Splenocytes from mice infected 7 d earlier with LCMV Armstrong or LCMV clone 13 with or without anti–IL-10R antibody treatment were incubated with HBSS medium containing 0.5 mg/ml collagenase D (Sigma-Aldrich) at 37°C, 5% CO2 for 30 min. 0.01 M EDTA was added to disrupt T cell–DC complexes. Next, cells were depleted of CD3-expressing cells (Dynal CD3-beads; Dynal), incubated with CD11c microbeads (Miltenyi Biotec), and positively selected using MACS columns. The enriched CD11c+ cells were labeled with APC-conjugated CD11c and PE-conjugated CD8α antibody (BD Biosciences) and sorted using a cell sorter (FACS Aria; Becton Dickinson) into CD8α− and CD8α+ CD11c+ subsets. 1.5 × 105 sorted CD11c+ cells were placed in 96-well plates in complete RPMI 1640 medium and irradiated with 2,900 rad. Assessment of the polarization of antigen-specific CD4+ T cells by DCs ex vivo was adapted from a previously described method (60). LCMV GP61-80-specific CD4+ T cells isolated from TCR transgenic SMARTA mice (52) were purified by negatively depleting CD8-, B220-, and CD11b-expressing cells with Dynal beads and, after enrichment of CD4+ T cells, with CD4-MACS beads (purity > 98%). 6 × 105 CD4+ cells were added to DCs in the presence or absence of 1 μg/ml GP61-80 peptide.

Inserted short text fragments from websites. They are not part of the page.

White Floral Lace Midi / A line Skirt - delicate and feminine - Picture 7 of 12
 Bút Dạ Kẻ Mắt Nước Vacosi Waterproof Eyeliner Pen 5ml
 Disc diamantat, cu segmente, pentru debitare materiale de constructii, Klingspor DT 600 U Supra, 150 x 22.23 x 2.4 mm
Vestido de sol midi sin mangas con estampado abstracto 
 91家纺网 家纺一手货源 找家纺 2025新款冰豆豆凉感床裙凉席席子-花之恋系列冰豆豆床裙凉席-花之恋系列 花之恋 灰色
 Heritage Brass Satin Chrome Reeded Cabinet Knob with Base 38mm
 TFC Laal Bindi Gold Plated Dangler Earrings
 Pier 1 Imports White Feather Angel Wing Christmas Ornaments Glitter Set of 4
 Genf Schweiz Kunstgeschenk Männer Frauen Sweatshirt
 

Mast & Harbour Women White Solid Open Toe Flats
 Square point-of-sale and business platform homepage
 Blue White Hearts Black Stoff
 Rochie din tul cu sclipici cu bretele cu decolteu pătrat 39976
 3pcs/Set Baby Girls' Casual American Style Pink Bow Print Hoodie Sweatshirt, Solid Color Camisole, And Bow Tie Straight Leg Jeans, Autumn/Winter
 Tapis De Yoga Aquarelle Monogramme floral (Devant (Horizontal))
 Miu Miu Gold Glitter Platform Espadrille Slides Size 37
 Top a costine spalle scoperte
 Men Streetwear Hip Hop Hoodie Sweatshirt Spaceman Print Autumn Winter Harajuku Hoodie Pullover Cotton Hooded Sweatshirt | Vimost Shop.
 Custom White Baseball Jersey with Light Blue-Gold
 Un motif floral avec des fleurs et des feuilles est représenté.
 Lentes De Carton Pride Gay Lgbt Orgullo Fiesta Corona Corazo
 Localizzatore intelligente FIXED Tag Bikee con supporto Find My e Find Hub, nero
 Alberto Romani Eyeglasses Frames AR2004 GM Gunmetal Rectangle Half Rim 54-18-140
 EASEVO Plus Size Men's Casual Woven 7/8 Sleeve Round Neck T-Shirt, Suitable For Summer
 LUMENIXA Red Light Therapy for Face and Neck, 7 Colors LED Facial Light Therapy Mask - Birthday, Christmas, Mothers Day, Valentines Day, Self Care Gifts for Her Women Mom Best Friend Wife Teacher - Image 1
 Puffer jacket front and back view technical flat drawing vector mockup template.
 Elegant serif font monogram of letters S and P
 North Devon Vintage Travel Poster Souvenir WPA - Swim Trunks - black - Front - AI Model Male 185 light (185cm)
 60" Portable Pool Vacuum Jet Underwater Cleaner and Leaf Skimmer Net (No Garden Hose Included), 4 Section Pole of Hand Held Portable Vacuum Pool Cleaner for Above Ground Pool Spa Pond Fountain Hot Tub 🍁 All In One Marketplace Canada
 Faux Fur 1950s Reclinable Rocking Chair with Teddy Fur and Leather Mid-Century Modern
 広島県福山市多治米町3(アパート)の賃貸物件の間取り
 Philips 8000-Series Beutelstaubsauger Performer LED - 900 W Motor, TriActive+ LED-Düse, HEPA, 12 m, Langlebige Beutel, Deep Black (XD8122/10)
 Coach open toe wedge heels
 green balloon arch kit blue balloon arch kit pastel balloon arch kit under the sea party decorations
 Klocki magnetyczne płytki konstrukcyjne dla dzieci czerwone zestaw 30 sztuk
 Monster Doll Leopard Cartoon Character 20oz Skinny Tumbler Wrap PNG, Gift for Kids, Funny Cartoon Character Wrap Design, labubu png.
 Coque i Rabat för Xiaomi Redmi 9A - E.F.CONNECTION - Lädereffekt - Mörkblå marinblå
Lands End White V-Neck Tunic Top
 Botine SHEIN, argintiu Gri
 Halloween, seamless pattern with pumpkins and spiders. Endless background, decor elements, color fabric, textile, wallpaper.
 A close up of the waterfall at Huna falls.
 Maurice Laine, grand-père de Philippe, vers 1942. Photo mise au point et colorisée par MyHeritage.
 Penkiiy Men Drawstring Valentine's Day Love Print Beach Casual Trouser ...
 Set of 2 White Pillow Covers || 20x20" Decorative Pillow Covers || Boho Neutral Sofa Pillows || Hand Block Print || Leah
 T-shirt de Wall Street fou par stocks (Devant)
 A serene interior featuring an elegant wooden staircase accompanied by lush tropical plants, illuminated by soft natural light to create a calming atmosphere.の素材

Supernatants were isolated 5 d later and analyzed for the presence of IL-10 and IFN-γ by ELISA, as reported earlier in this paper.
Statistical analysis.
Statistical analyses were performed using the Student's t test: *, P < 0.01; **, P < 0.001; and ***, P < 0.0001.
Acknowledgments
This work was supported by National Institutes of Health grant AI 58105, awarded to M.G. von Herrath.
The authors have no conflicting financial interests.
Abbreviations used: BFA, Brefeldin A; HCV, hepatitis C virus; LCMV, lymphocytic choriomeningitis virus; PD-1, programmed death 1 receptor; TLR, Toll-like receptor.
M. Ejrnaes, C.M. Filippi, and M.M. Martinic contributed equally to this paper.